It's a wrap
In the course of several unrelated discussions on secondaries last week, I was reminded of one of the more curious byways of private equity fund investment: the wrap.
This, in case you also need reminding, is when a banking institution picks up a sizeable allocation in a GP’s latest fund, and then dices up the allocation into a series of packaged smaller chances, which it then sells on to clients, almost always HNW customers of its private banking/wealth management arm. Individually, most of the HNWs could not normally afford the minimum access threshold for the fund, but the wrap gives them a chance to participate in private equity that they would not ordinarily get.
Although not much seen in Asia to date, wraps are growing increasingly significant in the region, and in the PRC in particular, are often the prime fundraising mechanism for RMB funds. This could be cause for concern. In itself, the wrap is naturally vulnerable to all the problems of securitized – and often leveraged – vehicles that the GFC exposed. The kind of alignment and disclosure issues already raising the hackles of LPs worldwide are also only magnified in a wrap structure. And legal issues surround the questions of how the vending institution markets the wrap to its investors, and whether they are sophisticated enough to really understand the product. Sources aver that, in China especially, many aren’t, even if they are HNWs.
More to the point, observers might ask why a GP would even give an allocation to a bank to do a wrap. After all, exclusivity and privileged access are the stock in trade of many intermediaries in the business, who promise access to top-quartile and top-decile funds.

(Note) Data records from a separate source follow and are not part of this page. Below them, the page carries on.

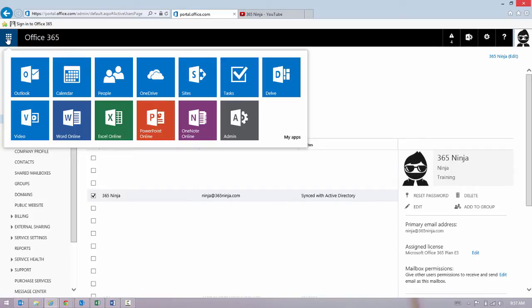Hey everyone, quick 365 Ninja tip to assign licenses through the Office 365 Admin Center. This is one way of assigning licenses in Office 365.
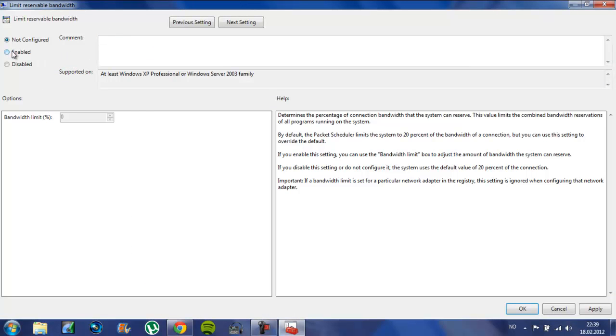So what you are going to do is take it to Enable, and default will be 20. I have already done this from before, so it was on 5.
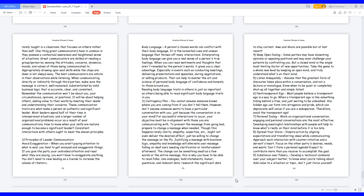7. Personal dialogue: work on organizational conversation. Engaging and personal conversations are the most effective. Developing meaningful relationships with people will help to know what's really on their mind before it is too late. 8. Spread your vision: inspire action by aligning expectations and transferring ideas while communicating. Approach each interaction with counterintuitive and a servant's heart. Focus on the other party's desires, needs, and wants. Don't form a personal agenda. Expect to contribute more than you receive to accomplish the goal.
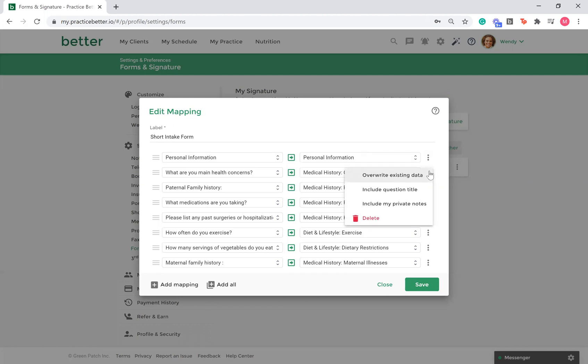This is helpful so that you have the most recent information within your client's record, instead of multiple mapping entries which may be difficult for you to decipher.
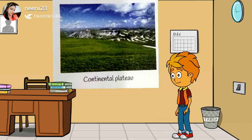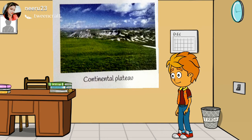Continental Plateaus: These plateaus are usually surrounded by either seas or plains from all sides. Example: the Arabian Peninsula.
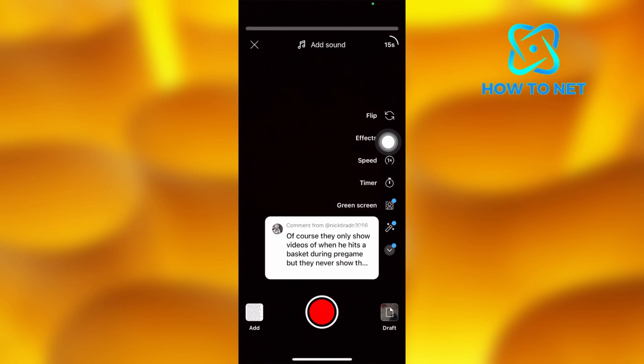You can upload it to your channel if you wish to. That's how easy it is to reply comments with a video on YouTube.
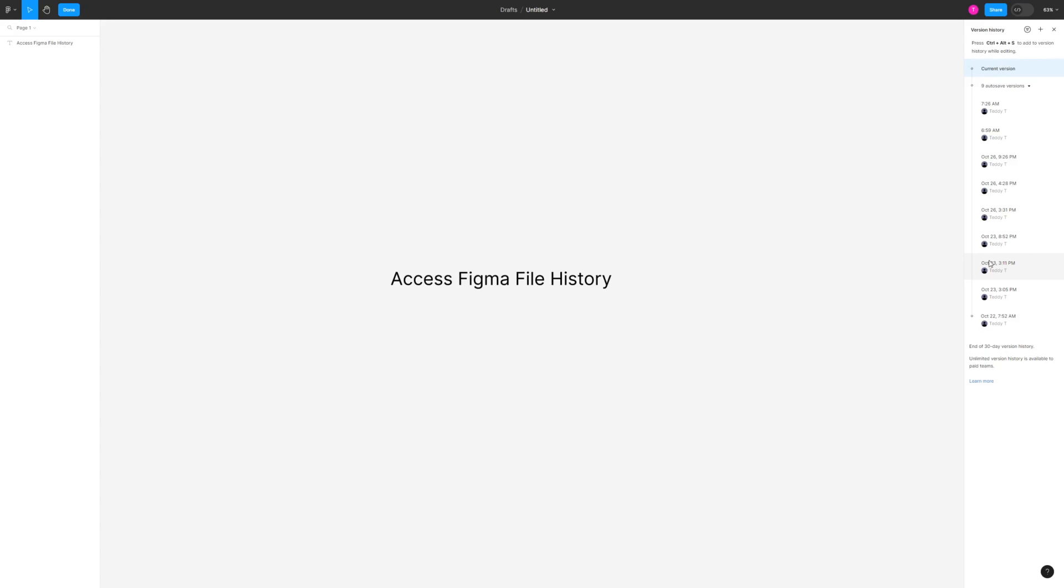Bear in mind that if you're using the free version of Figma, you will only be able to access the last 30 days of your file history. This is different if you're using any of Figma's paid plans, which allow you to view your entire history no matter whether it's 5 years old or 20 days old.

Many GPs cultivate the image of exclusivity to keep investors keen.
Yet on practical grounds, rather than prestige or perceived value, a wrap deal with a bank may make a lot of sense. Many banks already have active placement units, and these can build useful synergies with the parent’s private wealth groups to deliver an end-to-end solution for at least part of a fundraising. And a GP that deals regularly with a bank for leverage, deal sourcing and other purposes may well wish to cultivate a strategic relationship with that group through a fund allocation.
However, the whole principle of a wrap still calls even more into question the myth of access. As AVCJ sources have remarked time and time again, pre-crisis, post-GFC and right now, exclusivity went out the window when fund sizes started soaring into the multi-billion-dollar range. Especially in the still-difficult fundraising environment since 2008-09, GPs are increasingly reluctant to turn away money, and particularly to give preferential treatment to any LP in a manner that would cut out others. GPs, AVCJ sources admit, simply want to access the capital.
The ultimate lesson for LPs should be obvious. If somebody and their agent is telling you that something is an exclusive deal, and demanding a price premium or a higher commitment on that basis, see what happens if you walk away. As an industry still too wedded to secrecy, obscurantism and opacity, private equity needs to have its myths challenged from time to time – especially the self-serving ones.